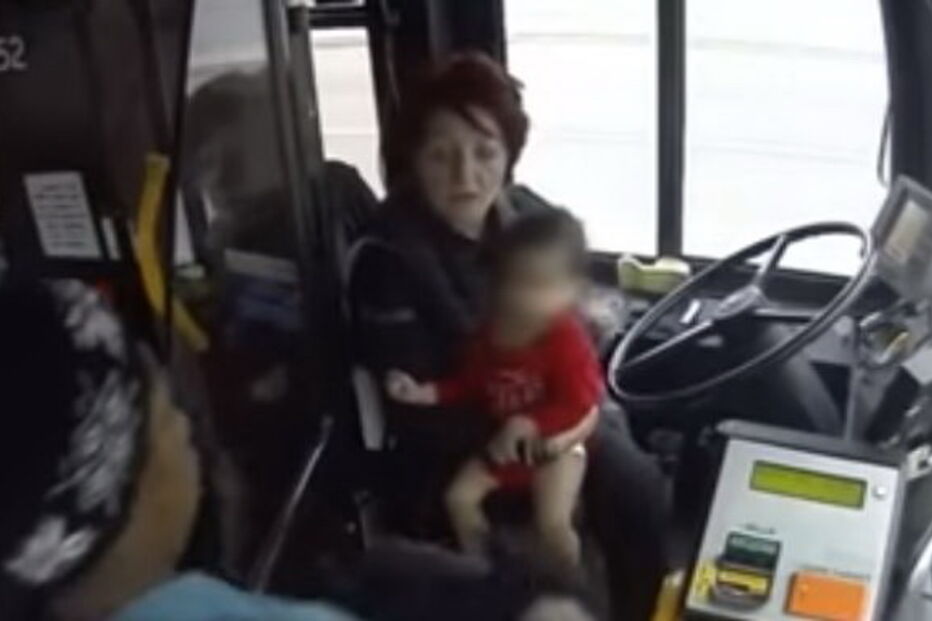 Motorista sai de autocarro e resgata bebé abandonado na rua pela mãe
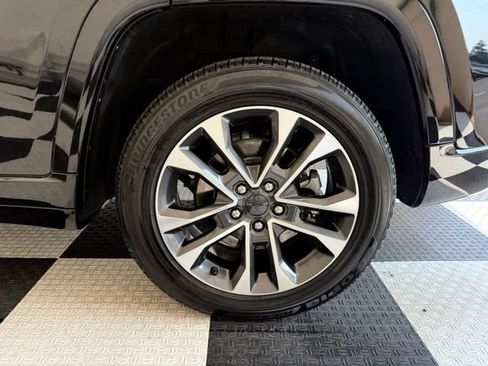 Used 2023 Jeep Grand Cherokee Overland w/ Advanced Protech Group III AWD/4WD image 11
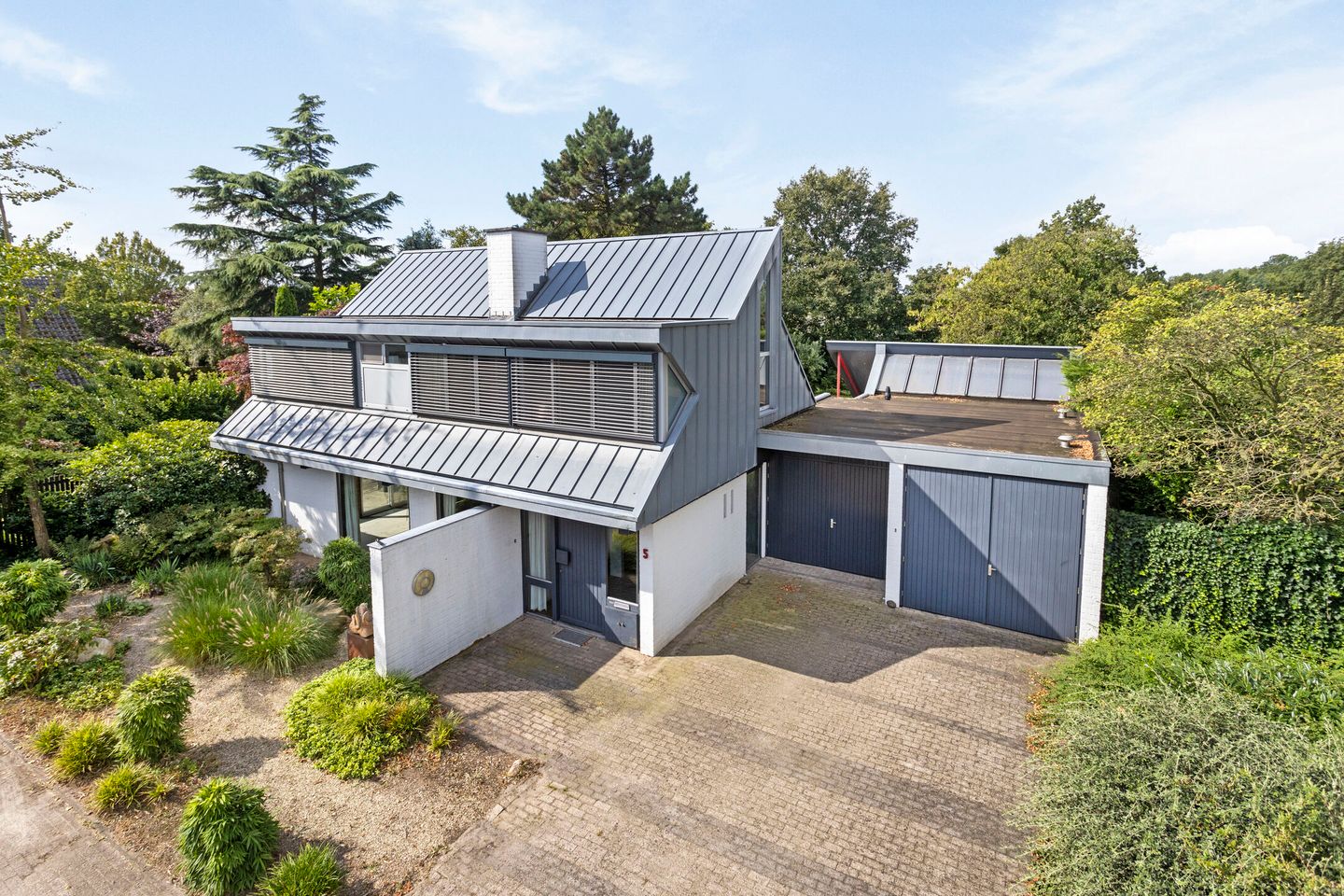 Foto 1 van Paus Joanneslaan 5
________________________
_Requirement_: Pictures stay out; everything else in the listing above is to be repeated exactly.

_Answer box_:
 Motorista sai de autocarro e resgata bebé abandonado na rua pela mãe
 Used 2023 Jeep Grand Cherokee Overland w/ Advanced Protech Group III AWD/4WD image 11
 Foto 1 van Paus Joanneslaan 5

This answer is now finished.